Newark, NJ and Washington, DC (October 30, 2023)—Today’s release of a final report by the Center for the Study of Social Policy (CSSP), the court-appointed Monitor in the federal class action lawsuit Charlie and Nadine H. v. Murphy, marks the successful conclusion of almost two decades of work to improve New Jersey’s child welfare system. Over this period, New Jersey has worked to bring its child welfare policies and programs into compliance, with the goal of creating a system that keeps children safe, healthy, and connected. The final report can be found here.
CSSP was appointed in 2006 by the Honorable Stanley R. Chesler of the United States District Court for the District of New Jersey as Federal Monitor of Charlie and Nadine H., aimed at improving outcomes for children, youth, and families served through New Jersey’s child welfare system. As Monitor, CSSP was charged with independently assessing the State’s compliance with the goals, principles, and outcomes of the Court’s Orders in the lawsuit. All prior CSSP Monitoring Reports can be found here.
To end federal court oversight, Parties to the lawsuit—the New Jersey Department of Children and Families (DCF), Governor Phil Murphy, and Plaintiff’s lawyers, A Better Childhood—presented the Court with an Exit Plan and Agreement (“Exit Plan”), identifying actions that would allow successful exit from the lawsuit and creating legal requirements and structures to sustain the outcomes of the successful reform work. The Exit Plan required the State to devise and maintain a comprehensive qualitative review system, to codify elements of the lawsuit’s requirements (for example, caseloads, staff training, data collection and reporting) into state law, and to establish the Staffing and Oversight Review Subcommittee (SORS) of the New Jersey Task Force on Abuse and Neglect (NJTFCAN)—as the entity responsible for reviewing and publicly reporting on DCF performance going forward. On December 20, 2022, the New Jersey legislature passed the SORS legislation, which includes, among other things, caseload standards and the obligation to keep children within their own communities, maintain contact with their siblings and relatives, and have their educational needs met.
The addendum report released today, in accordance with the six-month Transition Period reflected in Judge Stanely Chesler’s dismissal order of April 25, 2023, assesses DCF’s progress toward meeting its obligations from April 25 to October 25, 2023. It describes the new Collaborative Quality Improvement (CoQI) process, which uses data to identify what is working well and what needs improvement; details SORS’ new role of reviewing DCF performance; and highlights recent DCF accomplishments in its ongoing effort to support families and reduce the number of children who enter state custody.

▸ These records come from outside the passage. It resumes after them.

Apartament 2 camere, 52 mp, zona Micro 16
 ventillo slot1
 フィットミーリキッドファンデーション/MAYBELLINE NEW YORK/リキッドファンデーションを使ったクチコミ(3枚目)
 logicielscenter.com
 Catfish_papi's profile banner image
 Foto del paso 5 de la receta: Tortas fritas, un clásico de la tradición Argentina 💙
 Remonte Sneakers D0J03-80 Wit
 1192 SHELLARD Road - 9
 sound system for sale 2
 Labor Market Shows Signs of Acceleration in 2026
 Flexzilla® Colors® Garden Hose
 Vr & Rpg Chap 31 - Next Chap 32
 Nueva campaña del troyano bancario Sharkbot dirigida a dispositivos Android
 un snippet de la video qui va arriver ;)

This is a landmark day for New Jersey. During its time under federal court oversight with independent monitoring by CSSP and collaboration between the State and the court monitor, DCF dramatically changed almost every aspect of its system, including:
- Taking an overworked, untrained workforce to one that provides staff with training, professional development, and support with manageable enough caseloads to allow them to adequately serve children and families.
- The number of children in foster care declined dramatically (from 10,000 to 3,000 children) due to efforts to keep children safe in their homes and communities and find permanent homes for children who needed them.
- Children who do need placement are increasingly connected with kin, most of whom are licensed and financially supported.
- DCF has developed supports, placements, and services to meet children’s needs including access to a wide range of health and behavioral health services to promote healing and successful development.
- DCF developed capacity to collect, report on and use data to review their performance and assess outcomes; they have implemented robust quality improvement processes.
- New Jersey has developed one of the only statewide Universal Home Visiting programs; and built and sustained 57 Family Success Centers (FSCs), “one-stop shops” that provide wrap-around resources and supports for families to prevent the need for child welfare intervention.
- Through the development of Child Health Units with nurses in every Local Office and enhanced funding for its Children’s System of Care, New Jersey has become a model of successful integration of systems that support children and youth’s well-being.
- New Jersey has also become a national model in the creative use of Mobile Response Stabilization Services (MRSS), and other interventions to assist families and kin caregivers in need of support.
- Due to a focus on prevention of maltreatment, New Jersey now uses family separation as a safety intervention significantly less often than the national average.
Judith Meltzer, the Federal Court Monitor since 2006, stated: “Today is a day to celebrate the accomplishments made by the State of New Jersey. DCF has not only achieved and largely maintained performance that meets the goals and requirements of Charlie v. Nadine H., lawsuit, but, importantly, it continues its deep commitment to being a self-correcting and nimble organization, no longer requiring federal court oversight. With the ending of the federal lawsuit, State leaders in the executive and legislative branches and New Jersey’s community partners and child and family advocates will be key to long term sustainability.”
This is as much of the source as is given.